Once the pictures are set aside, transcribe each line of the listing exactly.

### AVAILABLE DATA
━━━━━━

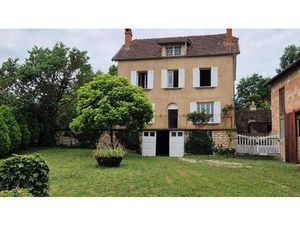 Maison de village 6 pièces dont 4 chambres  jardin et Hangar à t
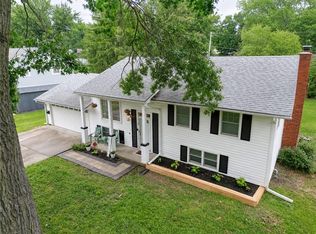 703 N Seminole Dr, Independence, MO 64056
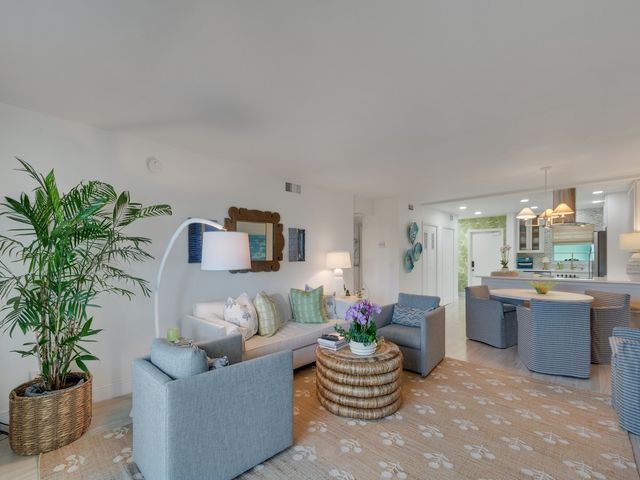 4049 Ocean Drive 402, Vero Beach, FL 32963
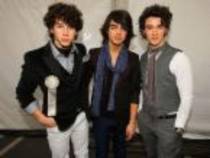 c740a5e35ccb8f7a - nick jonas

━━━━━━

### ANSWER SPACE
 Maison de village 6 pièces dont 4 chambres  jardin et Hangar à t
 703 N Seminole Dr, Independence, MO 64056
 4049 Ocean Drive 402, Vero Beach, FL 32963
 c740a5e35ccb8f7a - nick jonas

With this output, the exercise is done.